Having already made a few successful roast dinners (for one person) using a pack of plain chicken breasts, I decided, last week, to have a go at a couple of different chicken dishes.
There’s a distinctly Aisian theme to this and it started with these terriyaki-style meatballs.
Along with some carrot, possibly some celery and a few other bits; the chicken was first chopped up in my food processor and then pressed together to form the small round and raw balls you can see above.
Their recipe calls for the use of baking paper, where I’d ordinarily be reaching for tin foil. I think the paper (or parchment) is a better choice as foil can sometimes lift (in a halogen oven) when you’re only cooking something(s) small and lightweight.

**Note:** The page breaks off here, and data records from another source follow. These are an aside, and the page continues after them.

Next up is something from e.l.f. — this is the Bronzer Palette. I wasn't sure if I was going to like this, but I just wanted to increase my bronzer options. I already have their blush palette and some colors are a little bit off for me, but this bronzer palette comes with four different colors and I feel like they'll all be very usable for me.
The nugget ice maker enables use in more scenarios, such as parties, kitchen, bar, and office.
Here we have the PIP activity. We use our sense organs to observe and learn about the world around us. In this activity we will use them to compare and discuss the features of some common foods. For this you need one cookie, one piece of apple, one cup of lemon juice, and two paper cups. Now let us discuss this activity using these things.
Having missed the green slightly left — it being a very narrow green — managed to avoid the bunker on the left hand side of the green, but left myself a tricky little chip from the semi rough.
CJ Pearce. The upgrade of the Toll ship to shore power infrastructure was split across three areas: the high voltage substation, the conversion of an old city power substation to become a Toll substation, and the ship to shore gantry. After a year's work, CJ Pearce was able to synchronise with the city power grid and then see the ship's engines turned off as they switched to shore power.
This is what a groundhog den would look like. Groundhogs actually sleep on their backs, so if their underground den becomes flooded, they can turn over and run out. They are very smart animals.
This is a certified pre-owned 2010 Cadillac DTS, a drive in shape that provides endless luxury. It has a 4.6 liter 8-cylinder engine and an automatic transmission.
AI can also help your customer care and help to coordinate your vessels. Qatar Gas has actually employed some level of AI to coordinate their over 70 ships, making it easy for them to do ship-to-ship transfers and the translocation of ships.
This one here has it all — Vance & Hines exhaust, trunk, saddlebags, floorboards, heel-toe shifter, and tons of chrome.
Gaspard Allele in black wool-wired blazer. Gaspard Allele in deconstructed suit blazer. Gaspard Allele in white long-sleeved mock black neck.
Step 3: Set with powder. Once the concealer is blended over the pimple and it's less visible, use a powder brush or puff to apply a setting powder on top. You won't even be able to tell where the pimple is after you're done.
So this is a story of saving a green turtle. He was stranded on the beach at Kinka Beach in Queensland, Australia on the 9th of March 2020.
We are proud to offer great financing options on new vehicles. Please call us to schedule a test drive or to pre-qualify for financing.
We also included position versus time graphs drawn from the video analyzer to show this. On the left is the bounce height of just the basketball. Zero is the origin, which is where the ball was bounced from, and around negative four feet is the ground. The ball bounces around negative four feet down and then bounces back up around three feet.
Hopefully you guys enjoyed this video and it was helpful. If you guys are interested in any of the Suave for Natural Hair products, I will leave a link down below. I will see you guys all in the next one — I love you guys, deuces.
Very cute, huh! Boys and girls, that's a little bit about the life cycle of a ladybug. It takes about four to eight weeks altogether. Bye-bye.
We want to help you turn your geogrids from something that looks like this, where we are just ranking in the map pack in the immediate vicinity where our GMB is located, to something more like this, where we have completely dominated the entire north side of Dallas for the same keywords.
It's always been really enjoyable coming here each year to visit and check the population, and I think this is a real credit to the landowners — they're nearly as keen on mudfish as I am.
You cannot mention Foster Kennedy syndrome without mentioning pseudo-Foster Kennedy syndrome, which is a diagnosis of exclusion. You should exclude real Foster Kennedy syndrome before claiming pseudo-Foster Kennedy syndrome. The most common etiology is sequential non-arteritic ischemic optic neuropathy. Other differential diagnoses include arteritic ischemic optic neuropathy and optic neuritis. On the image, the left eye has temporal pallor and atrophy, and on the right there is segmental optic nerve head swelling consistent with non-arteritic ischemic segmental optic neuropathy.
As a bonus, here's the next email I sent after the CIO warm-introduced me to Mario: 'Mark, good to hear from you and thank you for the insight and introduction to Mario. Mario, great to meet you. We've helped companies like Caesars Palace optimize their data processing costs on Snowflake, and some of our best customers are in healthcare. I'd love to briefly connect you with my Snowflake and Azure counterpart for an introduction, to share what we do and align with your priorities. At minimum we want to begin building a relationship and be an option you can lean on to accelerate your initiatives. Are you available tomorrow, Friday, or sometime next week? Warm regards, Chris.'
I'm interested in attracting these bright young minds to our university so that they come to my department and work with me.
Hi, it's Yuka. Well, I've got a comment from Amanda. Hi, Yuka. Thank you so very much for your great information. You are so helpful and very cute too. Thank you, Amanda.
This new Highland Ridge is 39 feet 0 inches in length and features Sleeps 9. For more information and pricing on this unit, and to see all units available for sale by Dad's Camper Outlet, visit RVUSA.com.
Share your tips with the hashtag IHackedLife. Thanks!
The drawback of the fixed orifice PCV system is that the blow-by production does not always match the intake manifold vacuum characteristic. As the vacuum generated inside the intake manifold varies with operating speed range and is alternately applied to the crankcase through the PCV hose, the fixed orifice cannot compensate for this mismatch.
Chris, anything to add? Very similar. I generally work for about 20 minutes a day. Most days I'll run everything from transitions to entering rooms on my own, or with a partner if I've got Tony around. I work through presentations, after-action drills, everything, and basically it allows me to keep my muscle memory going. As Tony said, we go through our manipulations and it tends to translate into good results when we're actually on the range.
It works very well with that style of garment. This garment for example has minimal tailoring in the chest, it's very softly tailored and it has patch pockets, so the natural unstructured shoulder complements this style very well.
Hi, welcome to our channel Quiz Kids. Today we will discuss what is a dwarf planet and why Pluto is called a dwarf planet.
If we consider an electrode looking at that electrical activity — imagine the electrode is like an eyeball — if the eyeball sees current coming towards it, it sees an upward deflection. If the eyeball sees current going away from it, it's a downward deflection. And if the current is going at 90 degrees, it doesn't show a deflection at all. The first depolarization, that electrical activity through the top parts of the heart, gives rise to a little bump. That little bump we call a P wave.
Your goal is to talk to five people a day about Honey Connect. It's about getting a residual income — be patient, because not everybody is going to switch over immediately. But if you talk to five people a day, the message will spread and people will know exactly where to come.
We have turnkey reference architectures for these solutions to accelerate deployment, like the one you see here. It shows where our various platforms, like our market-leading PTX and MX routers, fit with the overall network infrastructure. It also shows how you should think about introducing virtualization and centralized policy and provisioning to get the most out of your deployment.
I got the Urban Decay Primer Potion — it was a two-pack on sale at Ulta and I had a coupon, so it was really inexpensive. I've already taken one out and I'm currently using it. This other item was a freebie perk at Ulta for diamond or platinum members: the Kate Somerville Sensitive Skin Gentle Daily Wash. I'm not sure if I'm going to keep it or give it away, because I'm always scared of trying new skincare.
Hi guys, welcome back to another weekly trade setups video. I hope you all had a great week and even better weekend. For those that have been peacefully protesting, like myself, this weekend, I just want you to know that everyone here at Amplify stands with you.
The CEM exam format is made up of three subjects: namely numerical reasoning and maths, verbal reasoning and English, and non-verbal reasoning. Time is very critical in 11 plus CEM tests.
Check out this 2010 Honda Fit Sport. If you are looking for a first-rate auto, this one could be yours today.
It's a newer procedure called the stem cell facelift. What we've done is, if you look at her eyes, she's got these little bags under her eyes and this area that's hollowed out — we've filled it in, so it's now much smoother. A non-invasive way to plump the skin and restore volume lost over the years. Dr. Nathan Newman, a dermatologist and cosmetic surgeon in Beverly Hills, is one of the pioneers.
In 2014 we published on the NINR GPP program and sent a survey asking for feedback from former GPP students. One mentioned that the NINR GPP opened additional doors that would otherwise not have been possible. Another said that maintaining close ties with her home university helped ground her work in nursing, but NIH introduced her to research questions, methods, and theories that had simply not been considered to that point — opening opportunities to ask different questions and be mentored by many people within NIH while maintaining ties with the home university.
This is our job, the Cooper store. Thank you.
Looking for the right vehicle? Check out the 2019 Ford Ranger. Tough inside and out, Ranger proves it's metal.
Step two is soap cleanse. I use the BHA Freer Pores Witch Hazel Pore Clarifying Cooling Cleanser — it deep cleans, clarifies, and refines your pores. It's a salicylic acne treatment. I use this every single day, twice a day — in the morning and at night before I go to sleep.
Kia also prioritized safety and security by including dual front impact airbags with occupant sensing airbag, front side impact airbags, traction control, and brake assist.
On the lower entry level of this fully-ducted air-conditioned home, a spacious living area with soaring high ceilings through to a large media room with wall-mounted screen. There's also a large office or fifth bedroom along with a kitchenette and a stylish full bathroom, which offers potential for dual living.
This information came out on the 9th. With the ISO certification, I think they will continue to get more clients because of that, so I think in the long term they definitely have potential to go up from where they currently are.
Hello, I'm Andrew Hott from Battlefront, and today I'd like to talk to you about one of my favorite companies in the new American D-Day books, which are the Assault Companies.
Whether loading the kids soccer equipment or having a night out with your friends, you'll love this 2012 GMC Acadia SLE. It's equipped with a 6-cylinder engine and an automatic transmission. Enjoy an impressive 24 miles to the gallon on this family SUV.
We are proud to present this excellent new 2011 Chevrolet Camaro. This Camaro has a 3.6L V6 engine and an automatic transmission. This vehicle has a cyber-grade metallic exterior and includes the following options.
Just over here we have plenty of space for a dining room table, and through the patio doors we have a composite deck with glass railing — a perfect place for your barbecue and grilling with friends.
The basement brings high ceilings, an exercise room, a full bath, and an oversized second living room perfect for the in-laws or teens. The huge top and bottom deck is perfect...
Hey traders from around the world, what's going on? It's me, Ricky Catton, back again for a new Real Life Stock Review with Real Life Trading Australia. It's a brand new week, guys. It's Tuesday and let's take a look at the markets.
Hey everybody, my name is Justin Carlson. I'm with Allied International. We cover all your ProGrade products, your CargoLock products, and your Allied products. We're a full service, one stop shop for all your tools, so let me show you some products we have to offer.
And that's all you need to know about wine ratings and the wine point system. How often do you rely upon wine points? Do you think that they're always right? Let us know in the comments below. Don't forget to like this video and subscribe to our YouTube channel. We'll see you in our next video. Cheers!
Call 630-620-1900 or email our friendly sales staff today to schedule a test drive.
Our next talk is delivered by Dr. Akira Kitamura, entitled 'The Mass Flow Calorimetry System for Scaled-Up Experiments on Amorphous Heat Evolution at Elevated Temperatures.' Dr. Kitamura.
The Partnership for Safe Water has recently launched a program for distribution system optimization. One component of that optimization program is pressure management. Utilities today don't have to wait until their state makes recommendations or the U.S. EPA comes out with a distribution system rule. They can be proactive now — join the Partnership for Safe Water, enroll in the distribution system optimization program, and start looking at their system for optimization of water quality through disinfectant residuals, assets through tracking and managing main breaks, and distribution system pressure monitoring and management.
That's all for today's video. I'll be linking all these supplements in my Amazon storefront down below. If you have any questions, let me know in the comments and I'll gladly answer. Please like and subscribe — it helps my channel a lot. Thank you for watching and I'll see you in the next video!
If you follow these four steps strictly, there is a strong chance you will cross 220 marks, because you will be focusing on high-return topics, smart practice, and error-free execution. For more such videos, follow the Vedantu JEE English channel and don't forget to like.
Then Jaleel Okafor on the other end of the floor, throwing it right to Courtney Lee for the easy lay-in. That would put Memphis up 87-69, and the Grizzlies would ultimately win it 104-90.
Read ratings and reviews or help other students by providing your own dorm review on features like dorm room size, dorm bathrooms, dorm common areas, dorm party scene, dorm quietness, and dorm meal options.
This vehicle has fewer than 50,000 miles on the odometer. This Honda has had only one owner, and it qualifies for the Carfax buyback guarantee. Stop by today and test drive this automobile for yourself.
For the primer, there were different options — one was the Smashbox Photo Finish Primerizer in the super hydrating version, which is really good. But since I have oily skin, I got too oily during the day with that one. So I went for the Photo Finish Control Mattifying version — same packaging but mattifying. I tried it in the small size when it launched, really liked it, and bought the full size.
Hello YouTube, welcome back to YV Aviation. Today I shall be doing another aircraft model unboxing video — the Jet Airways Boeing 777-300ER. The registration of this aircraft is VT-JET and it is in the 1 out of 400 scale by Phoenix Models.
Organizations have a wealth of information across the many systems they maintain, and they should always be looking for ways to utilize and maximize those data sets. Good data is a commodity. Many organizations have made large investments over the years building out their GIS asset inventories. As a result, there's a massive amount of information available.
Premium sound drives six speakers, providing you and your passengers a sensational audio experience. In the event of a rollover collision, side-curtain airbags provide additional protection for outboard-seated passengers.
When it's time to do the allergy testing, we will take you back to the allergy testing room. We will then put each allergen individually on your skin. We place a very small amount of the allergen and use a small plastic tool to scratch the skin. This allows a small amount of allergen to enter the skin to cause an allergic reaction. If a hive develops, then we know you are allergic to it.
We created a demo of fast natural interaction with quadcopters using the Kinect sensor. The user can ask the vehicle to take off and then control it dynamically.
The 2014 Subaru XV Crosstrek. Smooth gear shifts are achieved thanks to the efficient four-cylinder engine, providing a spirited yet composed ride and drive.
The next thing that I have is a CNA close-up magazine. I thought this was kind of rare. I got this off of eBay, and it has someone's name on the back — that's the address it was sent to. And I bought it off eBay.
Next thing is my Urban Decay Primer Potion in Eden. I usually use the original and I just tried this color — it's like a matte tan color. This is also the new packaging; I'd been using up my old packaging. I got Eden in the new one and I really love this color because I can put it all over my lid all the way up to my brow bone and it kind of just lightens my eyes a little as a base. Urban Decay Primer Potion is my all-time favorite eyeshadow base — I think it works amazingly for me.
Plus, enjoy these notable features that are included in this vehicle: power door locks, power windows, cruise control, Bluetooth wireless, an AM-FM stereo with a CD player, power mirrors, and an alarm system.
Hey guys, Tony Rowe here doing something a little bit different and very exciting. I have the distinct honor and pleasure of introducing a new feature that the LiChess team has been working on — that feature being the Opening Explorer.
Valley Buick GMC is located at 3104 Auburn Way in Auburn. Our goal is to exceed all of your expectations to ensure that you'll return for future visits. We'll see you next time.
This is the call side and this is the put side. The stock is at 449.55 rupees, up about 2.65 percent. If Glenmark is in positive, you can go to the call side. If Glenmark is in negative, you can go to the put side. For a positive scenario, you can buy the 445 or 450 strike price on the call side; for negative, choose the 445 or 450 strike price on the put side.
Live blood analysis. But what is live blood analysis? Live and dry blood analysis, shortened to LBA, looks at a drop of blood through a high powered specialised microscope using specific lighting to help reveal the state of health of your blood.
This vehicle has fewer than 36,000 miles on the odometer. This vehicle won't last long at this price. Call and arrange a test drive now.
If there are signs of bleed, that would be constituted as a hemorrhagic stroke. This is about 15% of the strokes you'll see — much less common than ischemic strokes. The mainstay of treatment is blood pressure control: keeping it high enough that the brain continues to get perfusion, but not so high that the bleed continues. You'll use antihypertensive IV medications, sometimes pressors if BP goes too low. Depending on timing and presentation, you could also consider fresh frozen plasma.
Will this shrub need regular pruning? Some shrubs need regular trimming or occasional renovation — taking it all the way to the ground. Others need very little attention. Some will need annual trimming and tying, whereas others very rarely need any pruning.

It was the first time I’d cooked with rice, having added a bag-full to my cupboard many months ago. It was a welcome change to pasta and I’ll be sure to cook with it again. I think the sauce was made up from soy, caster sugar and some others but it came out well. I could not find a single tin of mirin on any shelf in Tesco but probably could’ve used terriyaki sauce. As it was, it slightly lacked the kind of ‘tang’ you’d expected from a restaurant’s offering.
Sorry there aren’t more photos of this one but let’s move on to the next…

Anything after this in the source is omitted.